“El puente viejo”en la antigua Yugoslavia

“El puente viejo”en la antigua Yugoslavia

 

Stari Most es un puente que data del siglo XVI, monumento histórico de la antigua Yugoslavia, que vio desfilar en armonía a musulmanes, ortodoxos y católicos.

 

 

 

 

El comandante Slobodan Praljak dio la orden para destruirme a las 10:15 de la mañana del 9 de noviembre 1993. Yo, Stari Most, símbolo de unión entre oriente y occidente, me desmoroné en mil pedazos que cayeron sobre el helado Río Neretva. Pero ese no sería el fin de mi historia. Llegaría el día en el que el rugir de los cañones sería reemplazado por el sonido del disparador de una cámara y las incontables lágrimas, con sonrisas.

 

Fue el sultán Solimán, llamado “El Magnífico”, quien ordenó mi construcción. El imperio otomano estaba en su apogeo y quería dejar un mensaje de su poderío en los Balcanes. Una obra de infraestructura como yo es siempre un mensaje contundente así que el sultán eligió nada menos que al arquitecto Mimar Sinan para diseñarme y a Mimar Hayruddin, –su discípulo más aventajado– para construirme. Sinan había cobrado fama por haber diseñado los edificios más hermosos del mundo: El Taj Mahal en la India, y la mezquita de Sultán Ahmed en Estambul. Consciente del reto y bajo amenaza de muerte del sultán si fallaba en su encargo, Hayruddin construyó antes otro puente más pequeño; aquel funcionó y pudo construirme.

 

Tengo más de 20 metros de alto, cuatro de ancho y casi 30 de longitud. No es cualquier cosa. Hay que reconocer que Mimar era un maestro para combinar la belleza y la fortaleza. Por eso, arranco suspiros cuando me miran. Han comparado mis muros de lisa cantera con un arco iris que se eleva al cielo. Y no sólo eso. El famoso viajero Evilya Celebi en el siglo XVII manifestó que habiendo recorrido 16 países nunca contempló un puente tan alto que se extendiera de un acantilado al otro. Durante 427 años cumplí mi función todos los días. Fui testigo del paso de comerciantes, sacerdotes, viajeros y de los habitantes de Mostar. Enamorados se cobijaban bajo mi sombra, y valientes clavadistas se lanzaban a las heladas aguas del Río Neretva todos los días. No fue el tiempo lo que me derrumbó sino la cruel insensatez de la guerra.

 

Mostar, la ciudad en donde me encuentro, es única. Musulmanes, ortodoxos y católicos conviven en armonía. No sólo respetan sus diferencias, sino que aprenden de ellas. Así, junto a una mezquita, se construyó el monasterio franciscano. Los cantos de las distintas religiones se mezclaban unos con otros, con la misma naturalidad con la que se saludaban musulmanes y católicos al cruzarme.

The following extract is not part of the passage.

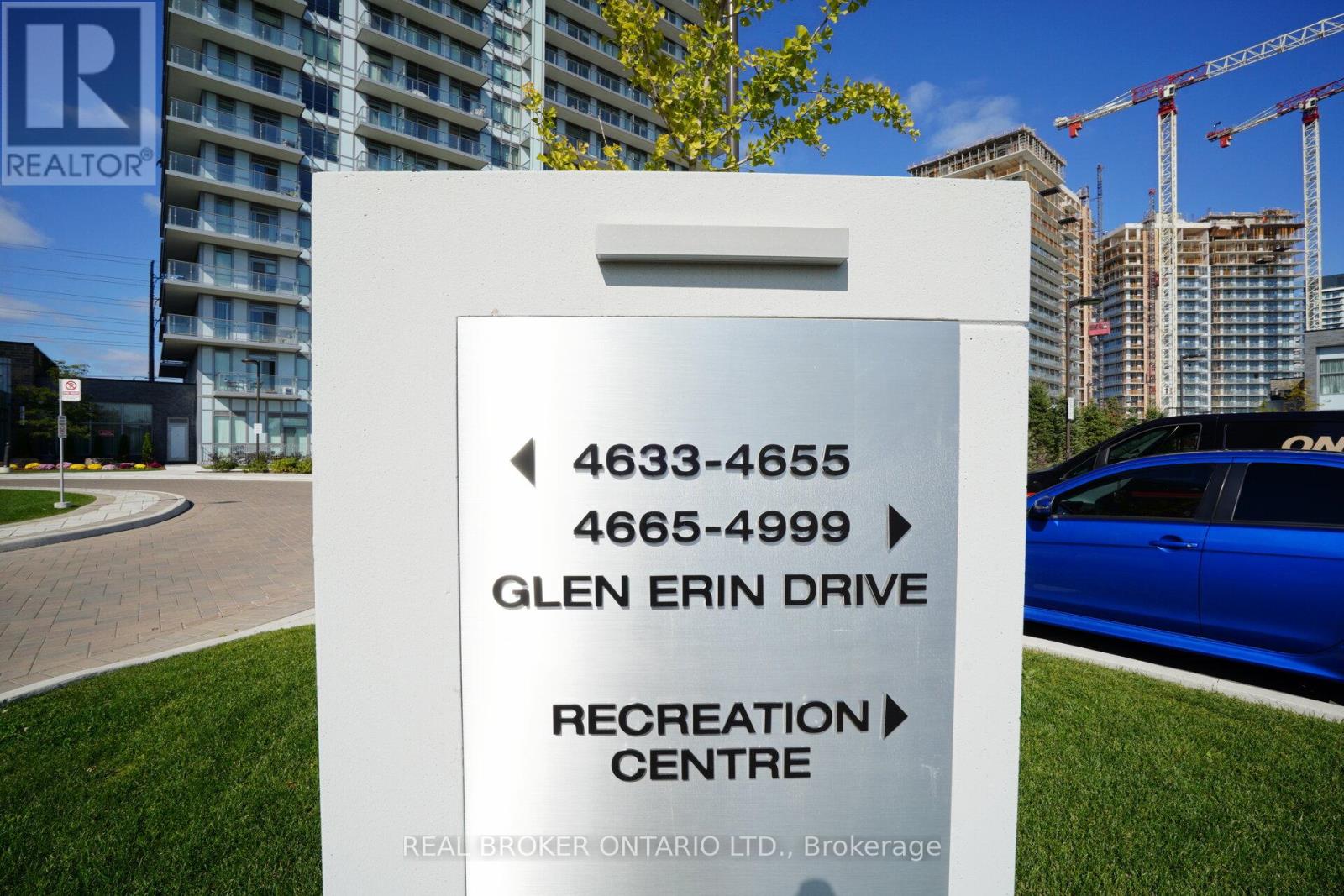 1205 - 4633 Glen Erin Drive, Mississauga, Ontario  L5M 7S1 - Photo 2 - W12456614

Bosnia y Herzegovina transitó de ser parte del imperio otomano a ser propiedad del imperio astro-húngaro. Todo ello sin mayor sobresalto. Mis problemas empezaron a finales del siglo XX. Ese país llamado Yugoslavia se desmoronaba, lo que desató un conflicto bélico. Mostar sería la ciudad que padecería los ataques más violentos. Como un golpe a la población, Slobodan Praljak, comandante del Consejo Croata de Defensa, ordenó destruirme. Afortunadamente el amor pudo más que su odio. Con ayuda de la Unesco y de otros países volvieron a construirme. Buzos expertos sacaron mis piezas del río, y, usando las mismas técnicas que utilizó el arquitecto de Solimán, especialistas turcos en construcción en tiempos del imperio otomano las pusieron en su lugar. Finalmente, en 2004, quedé listo y volví a escuchar los pasos de los habitantes de Mostar cruzarme a toda prisa para realizar sus tareas cotidianas. Regresaron los clavadistas a su cita diaria para lanzarse desde mis muros al río y poco a poco llegaron los turistas. Slobodan Praljak, al escuchar la sentencia del tribunal que lo condenaba a 20 años de prisión por sus crímenes (entre ellos mi destrucción), se quitó la vida en 2017.

 

Yo, el Stari Most, (“El puente viejo”) soy Patrimonio de la Humanidad, pero más que eso, he sido testigo de la Historia. He visto imperios caer y fronteras desdibujarse. He sido testigo del dolor de la guerra y la fuerza del perdón. Mis muros conocen la naturaleza cambiante de todo, y puedo decirles que lo único verdaderamente indestructible es el espíritu humano.